Both ways may have a structure like: There are two sub-allocators, one for normal memory, another for "reuseable" memory. We can provide APIs like with alloc_mode('normal'): ... for users to control it, or automatically derive from user intents.

Just quick and naive brainstorms, I have not done experiments yet.

fzyzcjy · 2024-12-27T12:10:50Z

Find a little bit of time to quickly hacked an experiment for the last brainstorm.

Design

Use LD_PRELOAD to quickly hijack the cudaMalloc to do the cuMemCreate+cuMemMap.
Then, when we want to release memory occupation (hack_release_occupation in the code below), we simply cuMemUnmap+cuMemRelease the physical memory, while keeping the virtual memory address.
When we want to resume memory occupation (hack_resume_occupation below), we do cuMemCreate+cuMemMap to the existing virtual address.

This is very quick hacky experiment, since this releases all physical memory. In real design, surely we should track which exact allocations needs to be released and which not. For example, maybe we just write a custom (wrapper) allocator and allow users to write with alloc_mode('normal'): ... to control that.

Results

CUDA graph seems pretty happy about this (since our virtual address is unchanged even if the physical memory is temporarily released and re-allocated).
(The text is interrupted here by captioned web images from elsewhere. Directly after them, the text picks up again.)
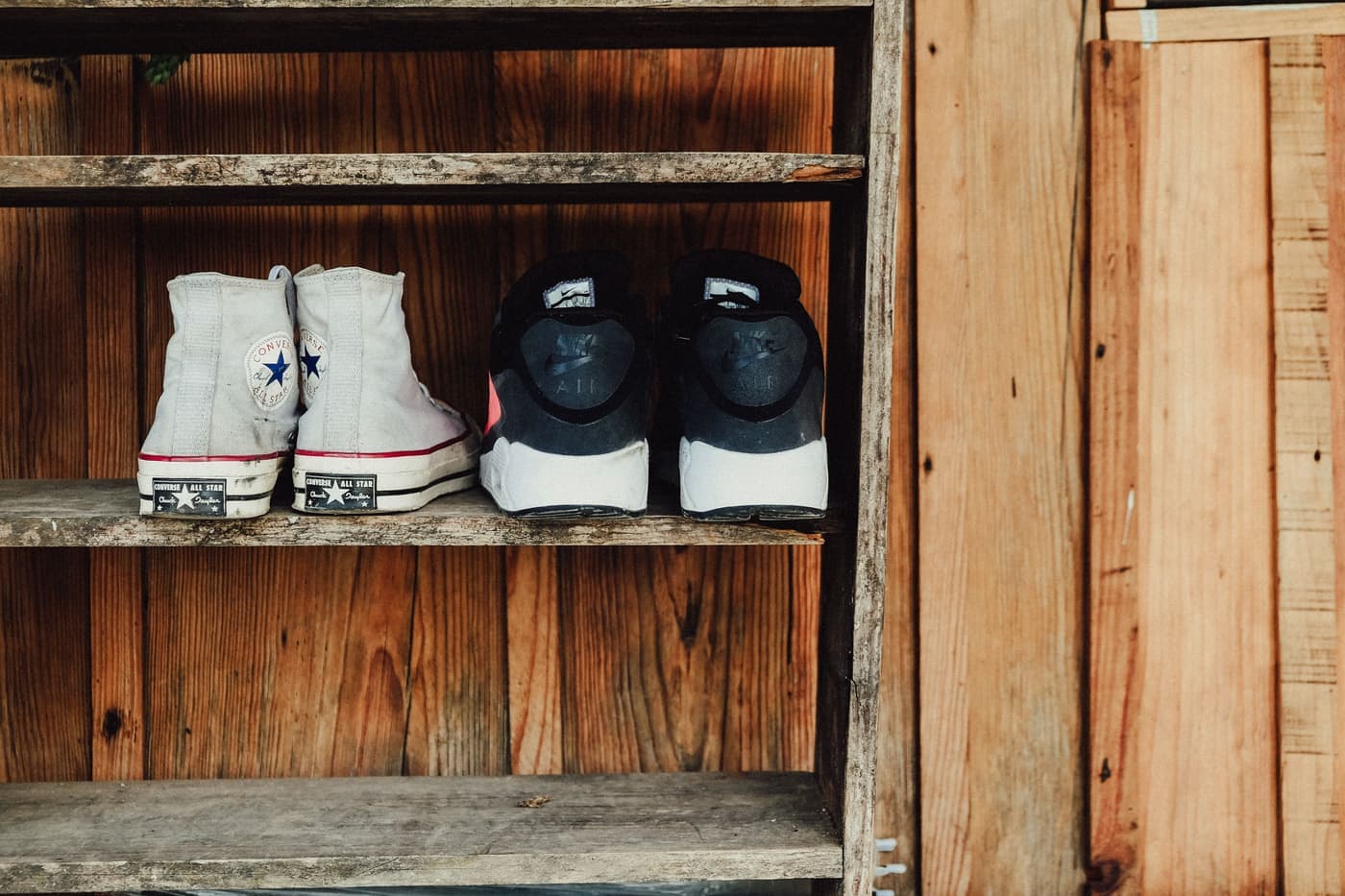 Shoes displayed on a rustic wooden shelf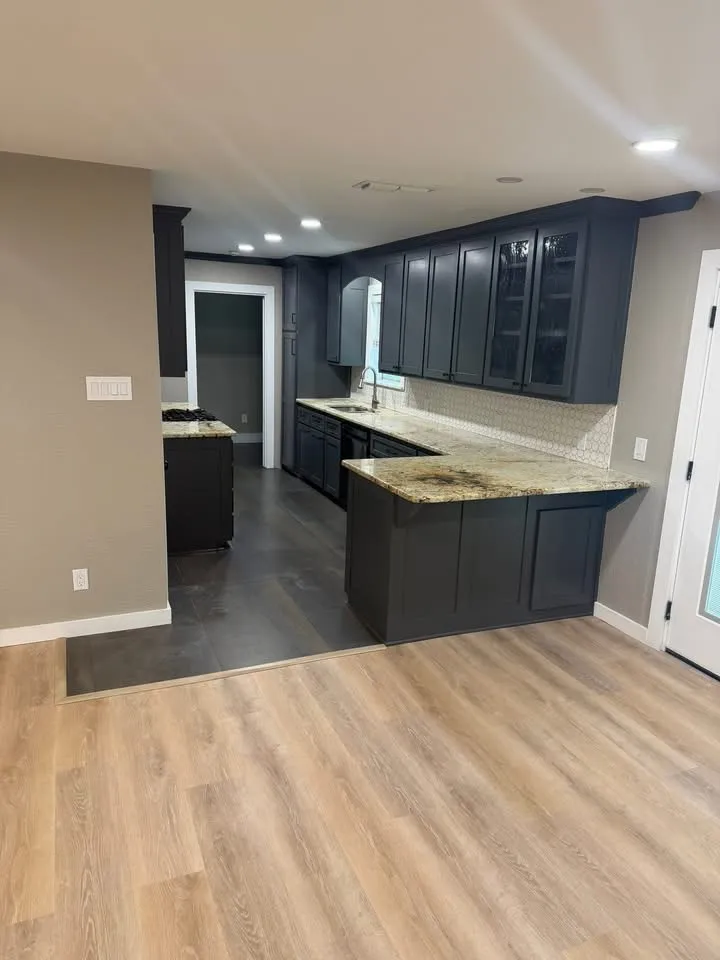 Remodeled kitchen with charcoal shaker cabinets and granite counters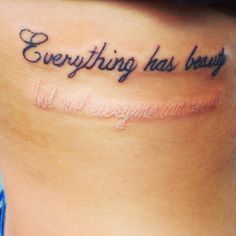 a woman's stomach with the words everything has beauty written on her lower back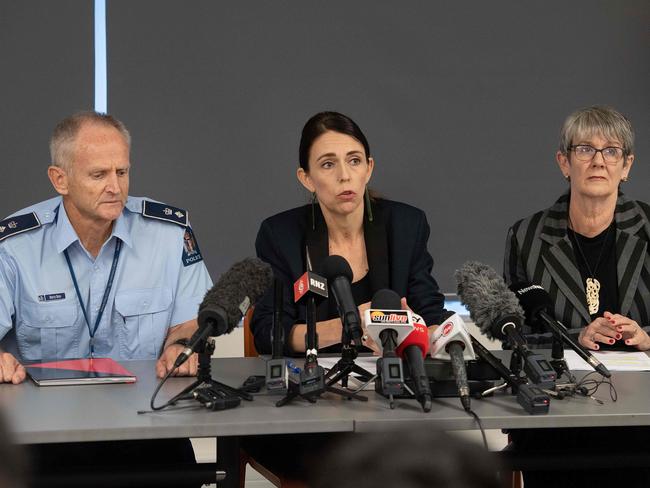 Prime Minister of New Zealand Jacinda Ardern with New Zealand Police Superintendent Bruce Bird and Whakatane Mayor Judy Turner. Picture: AFP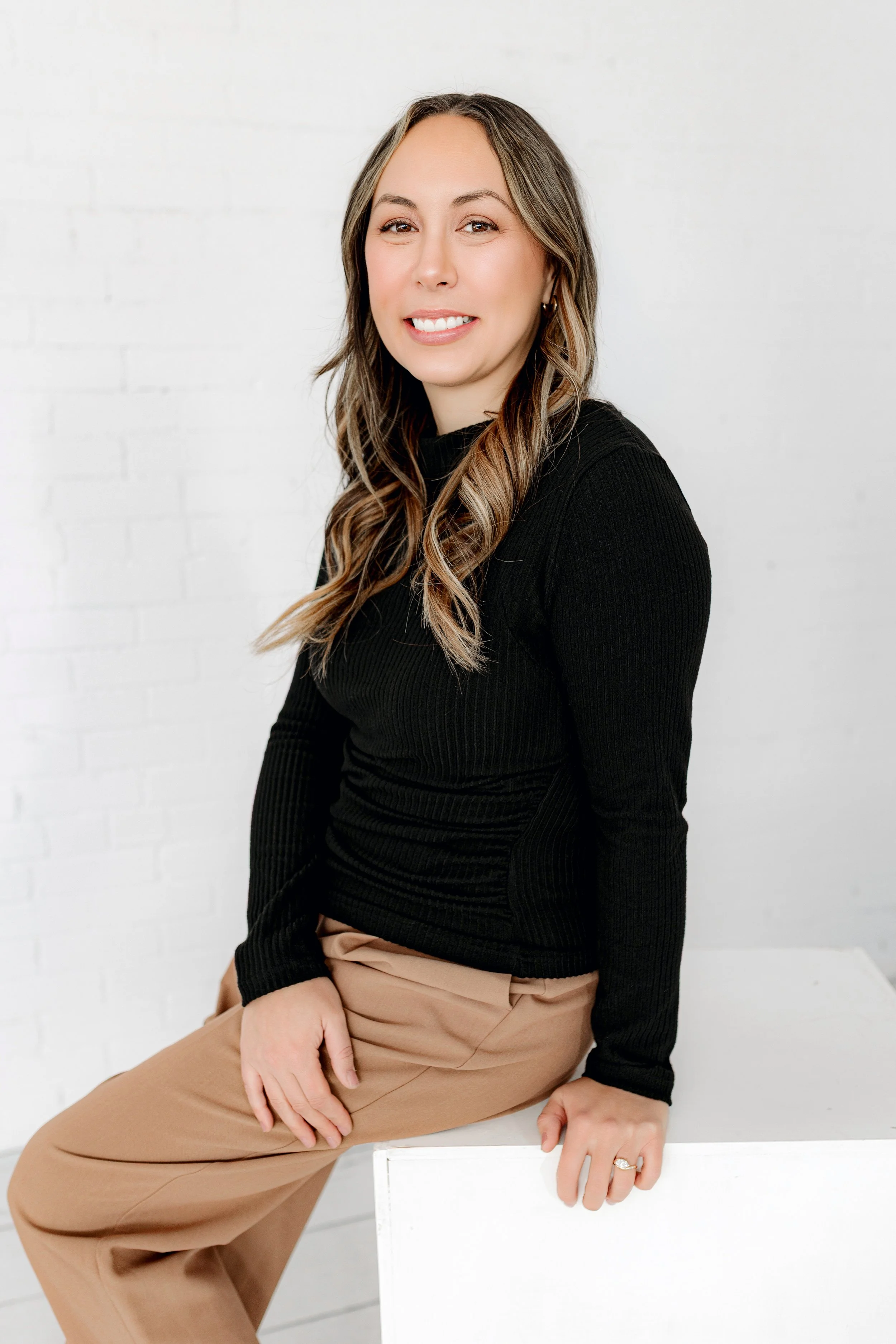 Portrait of Kaisha Jokerst, sitting on a white surface against a white brick wall, smiling at the camera.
There is no error.
Memory consumption (by netdata which calls nvidia-smi iirc) is like this (x is time, red is consumed memory, the low memory at the center is caused by the hack_release_occupation): Thus it seems we do released the physical memory.

Code

example.py

import ctypes
import time
from typing import Callable

import torch

# print('change_current_allocator')
# new_alloc = torch.cuda.memory.CUDAPluggableAllocator(
#     str(Path(__file__).parent / 'my_alloc.so'), 'my_malloc', 'my_free')
# torch.cuda.memory.change_current_allocator(new_alloc)


# TODO ok?
cdll_my_preload_so = ctypes.CDLL('./my_preload.so')
print(f'{cdll_my_preload_so=}')


def _ptr(x):
    assert isinstance(x, torch.Tensor)
    return hex(x.data_ptr())


class KVCache:
    def __init__(self):
        self.create_buffers(1)

    def create_buffers(self, value):
        # or model weights, etc
        self.kv_buffer = torch.tensor([value, value, value], dtype=torch.int32, device='cuda')
        print(f'create_buffers {_ptr(self.kv_buffer)=}')
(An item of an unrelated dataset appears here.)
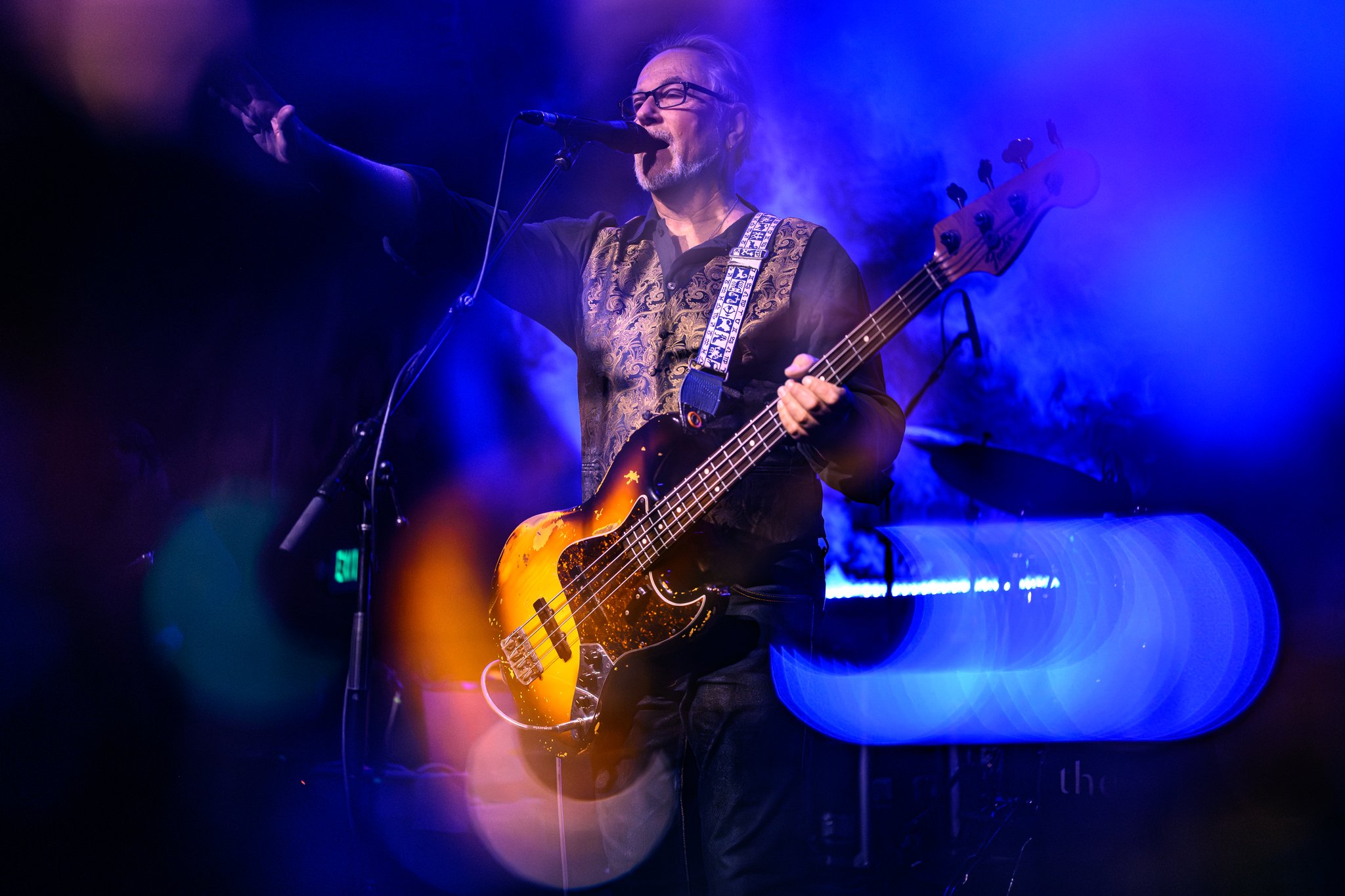 A man with glasses and a beard playing an electric bass guitar on stage, illuminated by blue and purple stage lights, with fog and microphone in front of him.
    def clear_buffers(self):
        del self.kv_buffer

    def execute(self, arg: torch.Tensor) -> torch.Tensor:
        # print(f'KVCache.execute {arg=} {self.kv_buffer=}')
        return arg + self.kv_buffer


# https://pytorch.org/blog/accelerating-pytorch-with-cuda-graphs/
def create_cuda_graph(fn: Callable):
    # warmup
    s = torch.cuda.Stream()
    s.wait_stream(torch.cuda.current_stream())
    with torch.cuda.stream(s):
        print('with torch.cuda.stream(s) execute fn')
        fn()
    torch.cuda.current_stream().wait_stream(s)

    # capture
    g = torch.cuda.CUDAGraph()
    with torch.cuda.graph(g):
        print('with torch.cuda.graph(g) execute fn')
        fn()

    return g


def run():
    cache = KVCache()
    static_input = torch.zeros((3,), dtype=torch.int32, device='cuda')
    static_output = torch.zeros((3,), dtype=torch.int32, device='cuda')
    print(f'{_ptr(static_input)=} {_ptr(static_output)=}')

    def fn():
        nonlocal static_output
        static_output = cache.execute(static_input)
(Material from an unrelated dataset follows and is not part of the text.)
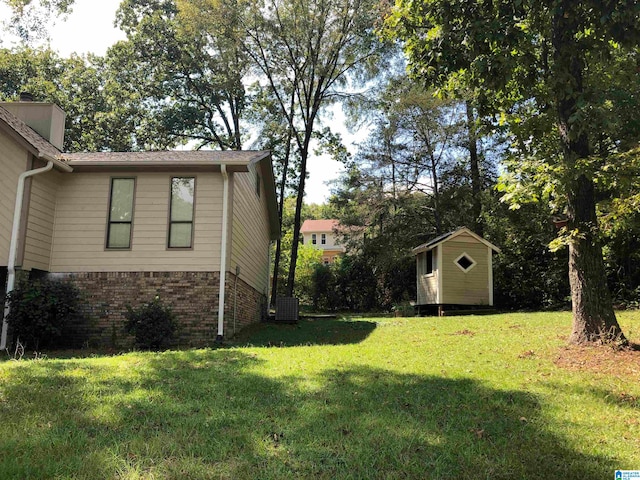 view of yard featuring a storage shed and central AC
    g = create_cuda_graph(fn)

    print('replay #1')
    static_input[...] = 100
    g.replay()
    print(f'{static_output=}')
    assert torch.all(
        static_output == torch.tensor([101, 101, 101], dtype=torch.int32, device='cuda')), f'{static_output=}'

    # cache.clear_buffers()

    big_tensor = torch.zeros((2_000_000_000,), dtype=torch.uint8, device='cuda')
    print(f'{big_tensor=}')

    print('torch.cuda.empty_cache()')
    torch.cuda.empty_cache()

    print('sleep...')
    time.sleep(3)

    print('call hack_release_occupation')
    cdll_my_preload_so.hack_release_occupation()

    print('sleep...')
    time.sleep(3)

    # this should fail
    # print(f'{cache.kv_buffer=}')

    print('call hack_resume_occupation')
    cdll_my_preload_so.hack_resume_occupation()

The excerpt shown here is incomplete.